Ich gebe zu, oft genug ist es Plants Stimme allein, dieses schneidende Falsett, das mir die Lust an Zeppelin nimmt, doch der Reiz, der von den wenigen Minuten in "Stairway To Heaven" ausging, trieb mich wenigstens soweit, nach einer Compilation, die ich mit 14 oder 15 gekauft hatte, auch ein paar der regulären Alben zu kaufen. Led Zeppelin I zeigte mir die Bluesrockseite der Band, und es war tatsächlich der satte Sound der Rockband, mal elektrisch, mal akustisch ("Babe I'm Gonna Leave You") in den ich mich verliebte, noch bevor ich großes Interesse am Rest zeigte. Noch immer finde ich die selbstherrliche und betont maskuline Seite der Texte bisweilen peinlich. Aber die Texte, soviel ist mir mittlerweile klar, sind überhaupt nicht dazu da, eine echte Botschaft, eine Aussage zu vermitteln, oder - um der pseudo-politischen Assoziation des Wortes zu entrinnen - eine Geschichte zu erzählen. Sie übersetzen nur in wenige, oft wiederholte Worte, was die Musik von Anfang an suggeriert: sie sind Ausdruck einer sexuellen Energie, die sich selbst genügt.
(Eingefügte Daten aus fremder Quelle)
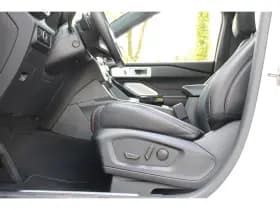 Ford Explorer thumbnail 8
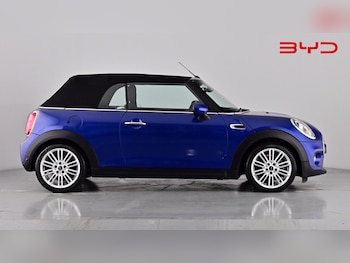 Used MINI Convertible 2018 for sale - 77256370: Photo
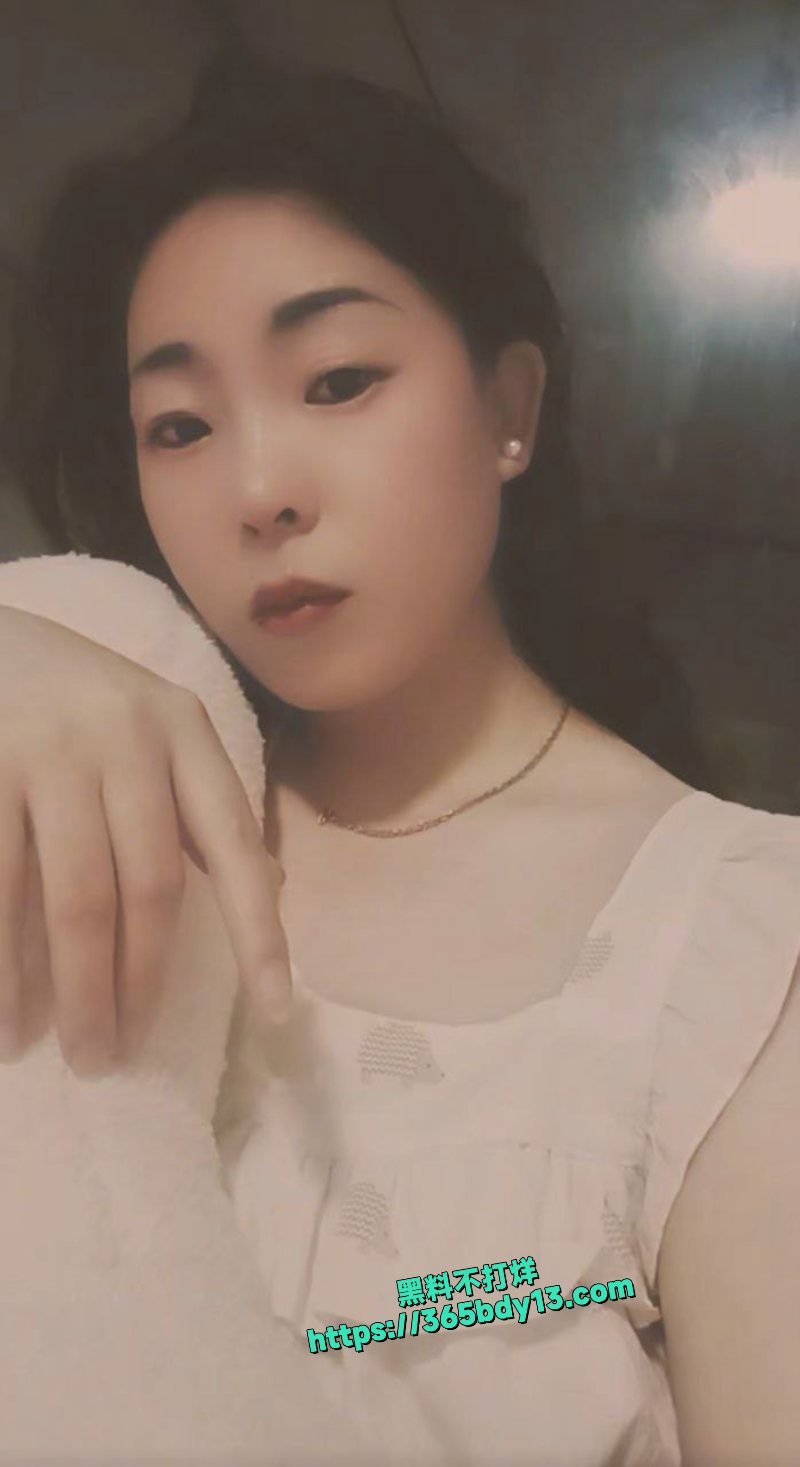 湖南长沙精神小妹刘思雨不雅私拍合集1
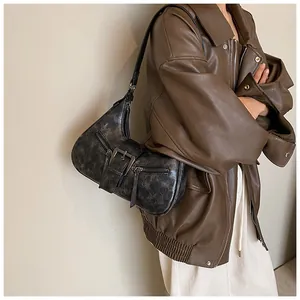 Détails du sac sous le bras noir rétro avec texture vieillie et boucles métalliques chic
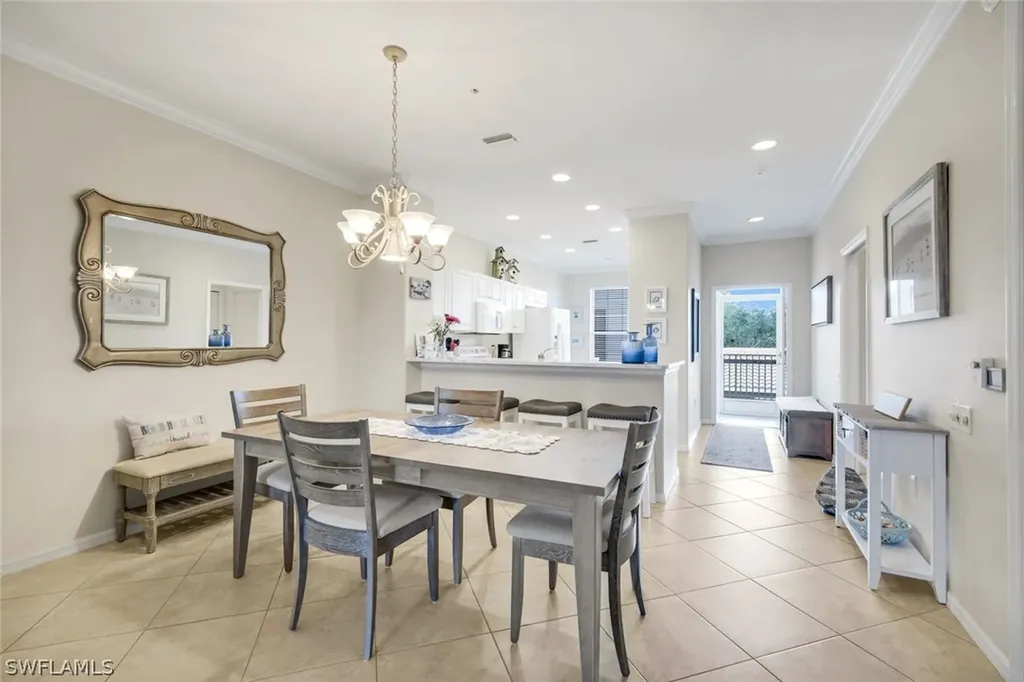8253 Parkstone Place Naples FL 34120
Was Rock N Roll mit synkopierten Achteln und pulsierendem Bass macht, vollbringt die Stimme Robert Plants mit Schreien und suggestiven Phrasierungen einiger simpler Aussagen ("you know you shook me, you shook me all night long" etc.). Der musikalische Sex des Rock N Roll und das musikalische Leid des Blues verbinden sich, und haben es schwer, nicht ein überhöhtes und wahnwitzig unausgewogenenes Bild der Selbstdarstellung zu vermitteln. Wieso sollten sie auch? Die Gitarre gibt ihnen Recht, was immer man sonst davon halten mag.
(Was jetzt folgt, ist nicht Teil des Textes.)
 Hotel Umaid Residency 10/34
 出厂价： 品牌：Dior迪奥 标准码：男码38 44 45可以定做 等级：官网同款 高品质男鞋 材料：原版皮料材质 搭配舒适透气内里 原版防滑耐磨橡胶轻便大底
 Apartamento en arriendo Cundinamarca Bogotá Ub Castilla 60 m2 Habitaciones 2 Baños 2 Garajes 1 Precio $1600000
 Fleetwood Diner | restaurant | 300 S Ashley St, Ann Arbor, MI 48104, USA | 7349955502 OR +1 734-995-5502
Doch trotz des Schmutzes und des Schweißes und anderer Körperflüssigkeiten, vermisse ich auch hier etwas. Man mag es Transzendenz nennen, oder Vielfalt. Die ersten beiden Zeppelin-Alben machen Spaß, von Zeit zu Zeit, aber sie reißen mich nicht unmittelbar mit. In anderen Worten, wenn ich nicht in der Stimmung dafür bin, liegt es nicht in ihrer Macht, diese Stimmung zu erwecken.
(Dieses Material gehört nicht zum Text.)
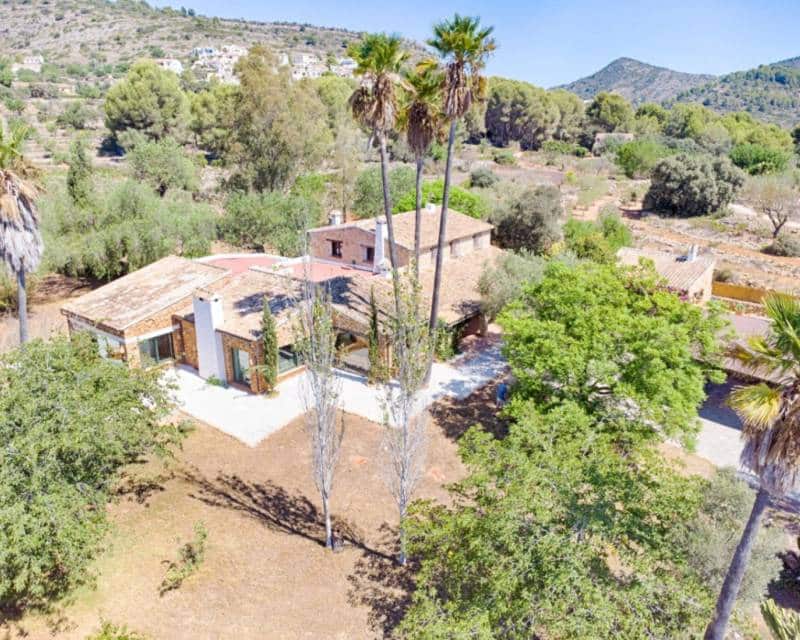 4 soveværelse Finca/Landehus til salg i Jalon / Xalo med swimmingpool - € 1.295.000 (Ref: 8504722)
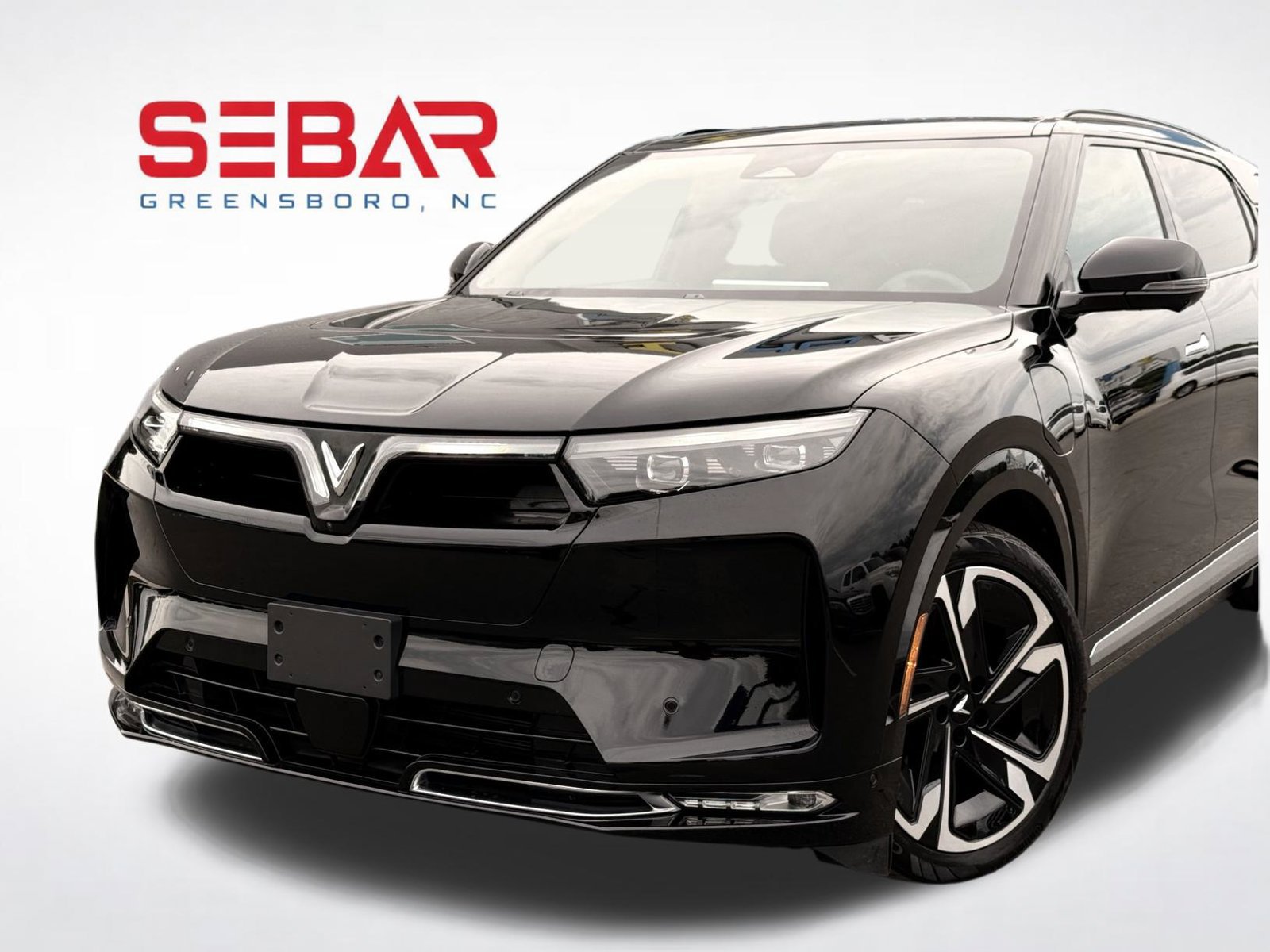 Used 2024 VinFast VF 9 Plus AWD/4WD image 3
Aber auch hier gibt es einen Silberstreif am Horizont. Die beste Phase Zeppelins, weiter weg von den mystisch eingefärbten Rockstücken von III und IV (diese kommen in der Tat schon früher vor, vgl. "Ramble On") - "Custard Pie", "Night Flight", "D'Yer Mak'er", "Houses Of The Holy",... Was es ist, das Houses Of The Holy und Physical Graffiti zu den besten Zeppelin-Alben macht, ist nicht zu überhören. Der Funk, die Apotheose der Synkope, durchzieht Songs wie "The Song Remains The Same" von Anfang an. Wir finden auch die Elemente wieder, die früher störend wirkten. Plants Falsett scheint mir hier auch nicht viel besser zu sein als anderswo, aber es integriert sich in den Mix wie ein Instrument unter vielen. Die Mystik, oder besser: die Mythologie - die des Wanderers, des einsamen Künstlers, die des Helden gegen die Welt - ist auch in der Spätphase Zeppelins zu spüren, aber sie ist keine einfache Position des Sängers und seines Liedtextes mehr, sie entsteht aus der Musik selbst. Dazu sind auch keine Flöten und Mandolinen mehr notwendig, die eine künstliche Atmosphäre eines unwahrscheinlichen Spätmittelalters erzeugen sollen und dabei nur ihre eigene beschränkte Aussagekraft bezeugen. Das Sonnenlicht, das in "The Rain Song" beschworen wird, bricht in Form einer warmen Gitarre durch den Schleier der Produktion: die Skala selbst, die die Akkorde umspielt, vermeidet die Grundtöne und macht die Tonalität des Liedes unscharf genug, um diese für den Text stehen zu lassen.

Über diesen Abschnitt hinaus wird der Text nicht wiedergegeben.